Pero ella estaba rara, como distante. Después de limpiarme los labios con la
servilleta en ese gesto que da fin a la comida, me preguntó si había leído su
cuaderno. Yo le dije que no, aunque después tuve que matizar que lo había
cogido pero no lo había leído, que solo quise ver la portada, bueno, que lo ojeé
sin leer, que le prometía que pese a todo no había leído nada. No sé cómo había
podido suponer que ella no lo sabría, que lo sabría todo y que si no siempre
podría utilizar la invención justificada para edificar puentes que la alejasen
de mí. Me dijo que quería dar una vuelta, sola.
Entre
aburrido y agitado recordé el libro que me había llamado la atención el día
anterior. Salí a la terraza y me desnudé casi entero, sintiéndome crecer bajo
el sol y sin importarme que los vecinos me mirasen. Leí hasta que sonó la
puerta cerrarse. Me di cuenta de que no le había dado un ejemplar de las
llaves, de que debía haberlas cogido ella de cualquier parte, y esa libertad en
casa doblemente ajena —de ella hacia mí y de mí hacia el dueño— me molestó de
una forma extraña. Bajamos a comer a un sitio sin importancia y después fuimos
a una playa que muy atentamente se tornó nublada y fría, para disgusto de dos
niños de bañadores de colores, armados con pala y cubo y cubiertos por inmensos
sombreros de pescador.
En
llegando ya la noche, con un crepúsculo precioso en el que el sol se ocultaba
por las montañas y no por el mar, no nos quedó más que encender la televisión,
¡la televisión!, sin duda el signo determinante de la muerte de un viaje que
terminaría mañana. Una vez ya me había acostado, se abrió la puerta de mi
cuarto y la oí entrar. Me quedé muy quieto, tan rígido que pensé que tendría
que haberse notado. Ella me besó en la frente y me susurró que iba a salir a
dar una vuelta, que tenía una amiga que se encontraba cerca. Y se fue, sin más.

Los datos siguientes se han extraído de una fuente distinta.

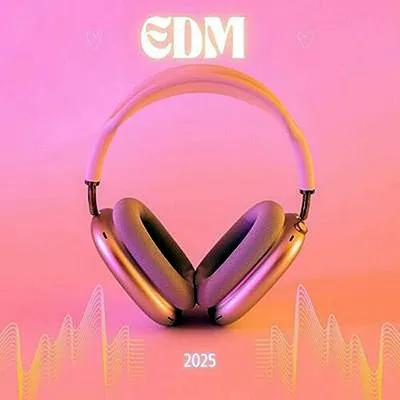 VA - EDM (2025) MP3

No me quedó más remedio que levantarme, acostarme, leer, ver la televisión,
volver a acostarme. Me sentía tan mal, oh, pero tan mal. Y entonces me la
empecé a imaginar con su amiga y los amigos de ésta, porque sin duda tendría,
gentes del festival pasándoselo en grande en una noche fantástica.
Para
cuando me levanté ella ya había regresado y su puerta estaba cerrada. Se me
ocurrió si despertarla, se me ocurrieron muchas cosas, pero no hice ninguna. Me
dediqué a limpiar la casa, terminando enseguida y deseando más polvo por
primera vez en mi vida. Solo la desperté cuando ya era hora de marcharse, llamé
suave con los nudillos y al abrir la puerta me la encontré vestida, sentada en
la cama, mirándose los pies.
En el
último vistazo a la casa vi el libro que había estado leyendo apoyado en el
filo de una mesa, lo cogí y lo metí en mi mochila. Ya en el autobús nos
dormimos los dos y nos las apañamos para mirar a todas partes sin tener que
mirarnos. Tenía la sensación de que podía haber pasado algo que había estado
muy lejos, esa sensación recurrente de que te vas de un sitio y te dejas algo.